Task brief:
All lines in the records below from the line with "Gothic Skull and" through the line with "Bộ nồi inox" are to be given again exactly, both ends included; the pictures are to be left out.

Excerpted data:
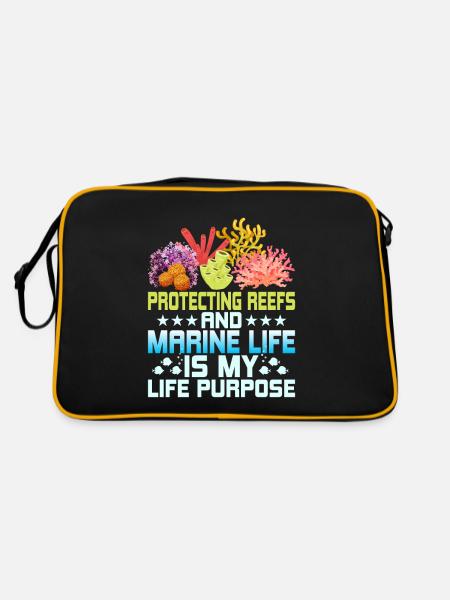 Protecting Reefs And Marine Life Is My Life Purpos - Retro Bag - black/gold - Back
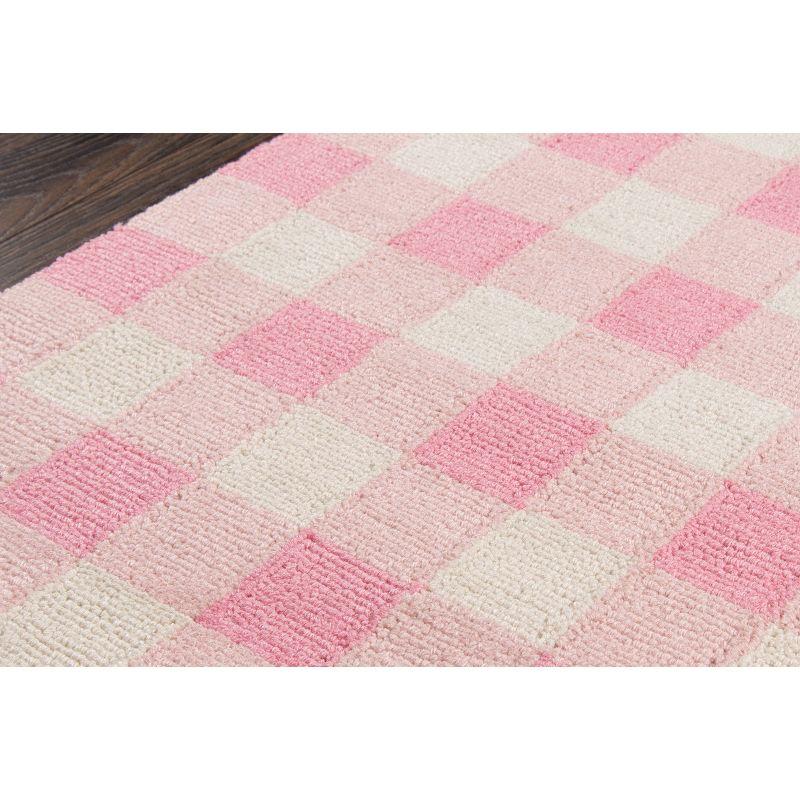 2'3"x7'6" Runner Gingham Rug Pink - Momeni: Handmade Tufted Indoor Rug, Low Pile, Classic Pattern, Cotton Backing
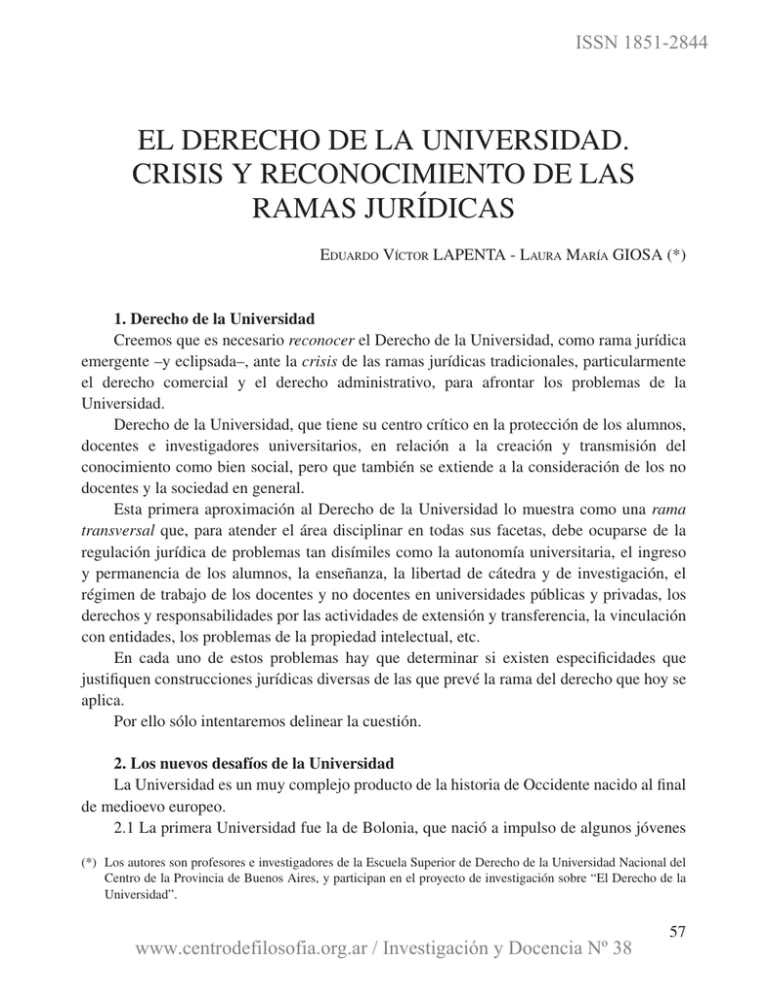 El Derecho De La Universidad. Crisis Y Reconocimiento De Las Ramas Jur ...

...

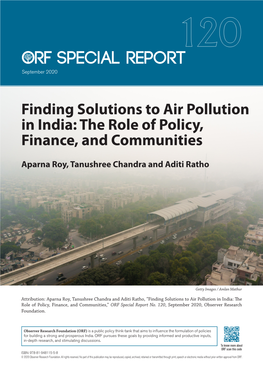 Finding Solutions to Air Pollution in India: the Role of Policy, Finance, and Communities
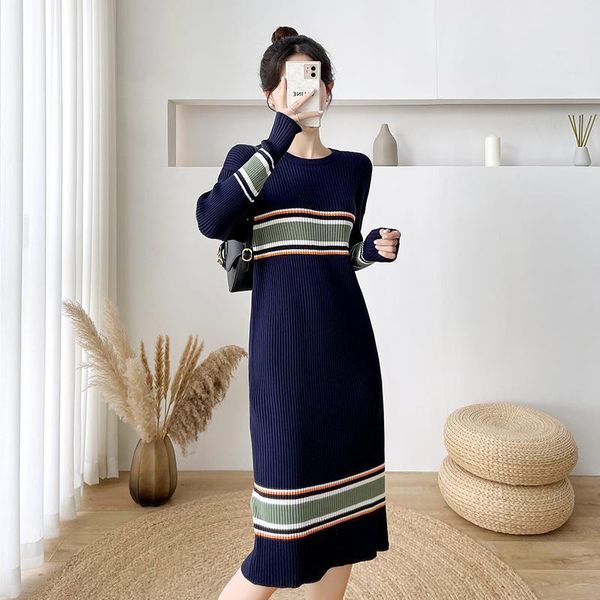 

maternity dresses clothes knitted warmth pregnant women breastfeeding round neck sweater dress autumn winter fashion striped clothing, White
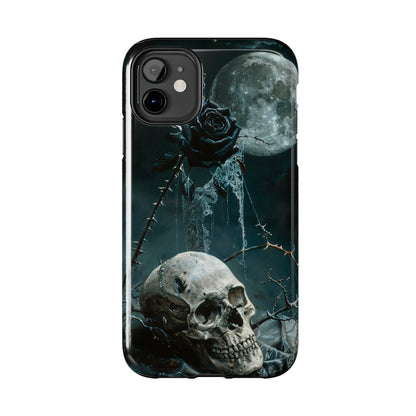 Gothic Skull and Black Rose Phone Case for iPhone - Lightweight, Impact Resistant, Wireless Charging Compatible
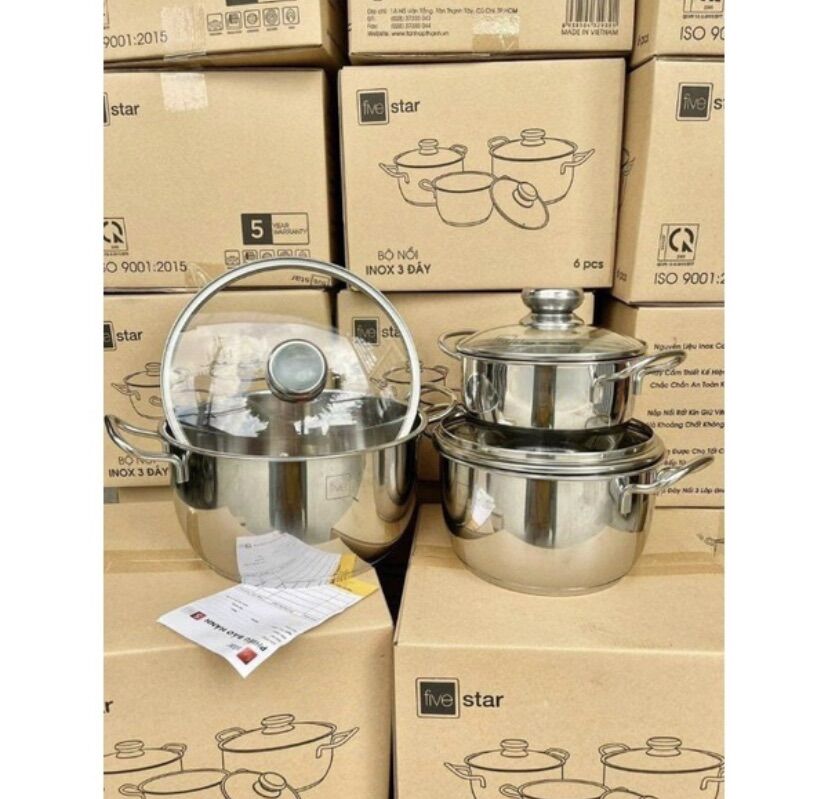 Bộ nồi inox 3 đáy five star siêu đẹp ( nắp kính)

Answer:
 Gothic Skull and Black Rose Phone Case for iPhone - Lightweight, Impact Resistant, Wireless Charging Compatible
 Bộ nồi inox 3 đáy five star siêu đẹp ( nắp kính)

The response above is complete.